Risk & Compliance

Beyond Backdating: Options Theft

SEC alleges that a former stock-options administrator illegally issued and transferred more than 700,000 shares of stock and stock options to a bro...
Stephen TaubMay 4, 2007

Forget backdating.

Outright “theft of stock options” was the allegation levied by the Securities and Exchange Commission against Vencent A. Donlan, a former stock-options administrator for Wireless Facilities Inc. The SEC alleges that Donlan defrauded the company by illegally issuing and transferring WFI stock and stock options to an account in his name.

The commission also secured a temporary restraining order from U.S. District Judge John A. Houston freezing the assets of Donlan and his wife, Robin D. Colls Donlan.

According to the SEC, between November 2002 and November 2003, Vencent Donlan issued and transferred more than 700,000 shares of WFI stock and stock options to a brokerage account held jointly with his wife. To do this, he allegedly made false entries in WFI’s stock-option software to create and then hide 27 unauthorized grants, and he provided false information to WFI’s brokerage firm and transfer agent, according to the complaint.

The regulator also charges that Donlan or his wife exercised the options and sold the stock on the open market, realizing net proceeds of at least $7.7 million. The proceeds were then allegedly transferred or paid to other accounts.
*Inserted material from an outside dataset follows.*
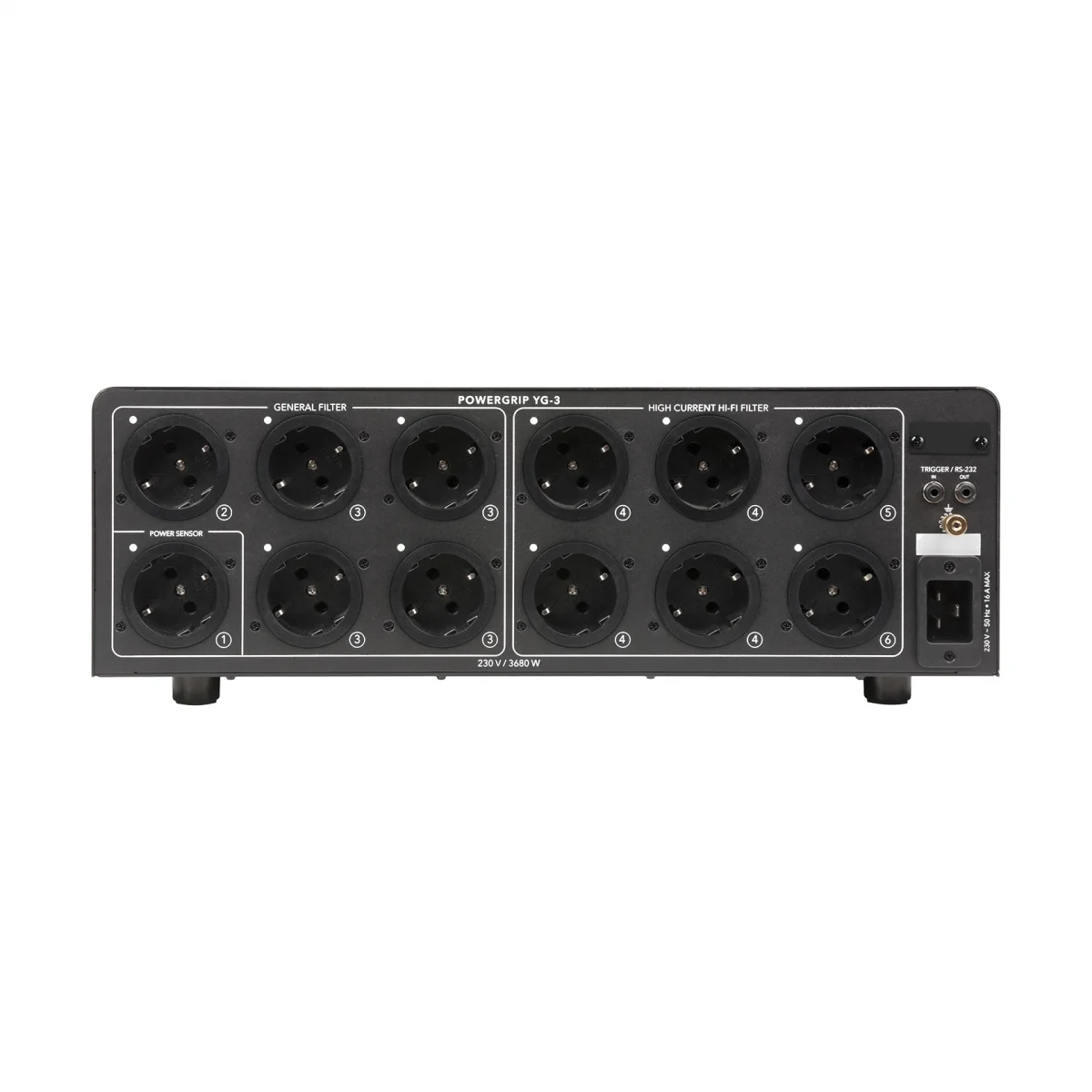 Фильтр сетевой PowerGrip YG-3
The SEC asserts that some of the proceeds may have been used to acquire real estate, including a home in San Diego purchased for $942,000 in cash as well as property in Julian, California, purchased for $655,000 in cash.
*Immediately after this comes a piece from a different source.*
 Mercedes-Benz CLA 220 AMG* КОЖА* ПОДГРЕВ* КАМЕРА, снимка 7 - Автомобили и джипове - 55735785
In addition to freezing several million dollars in personal and real property, the court order requires an accounting of the couple’s assets, provides for expedited discovery, and prohibits them from destroying evidence.

The SEC complaint charges Donlan with securities fraud and names his wife as a relief defendant because she received proceeds from the fraud. The commission is seeking disgorgement of ill-gotten gains with prejudgment interest from the couple as well as civil monetary penalties and a permanent injunction for Donlan.

An attorney for Vencent and Robin Colls Donlan could not immediately be identified for comment.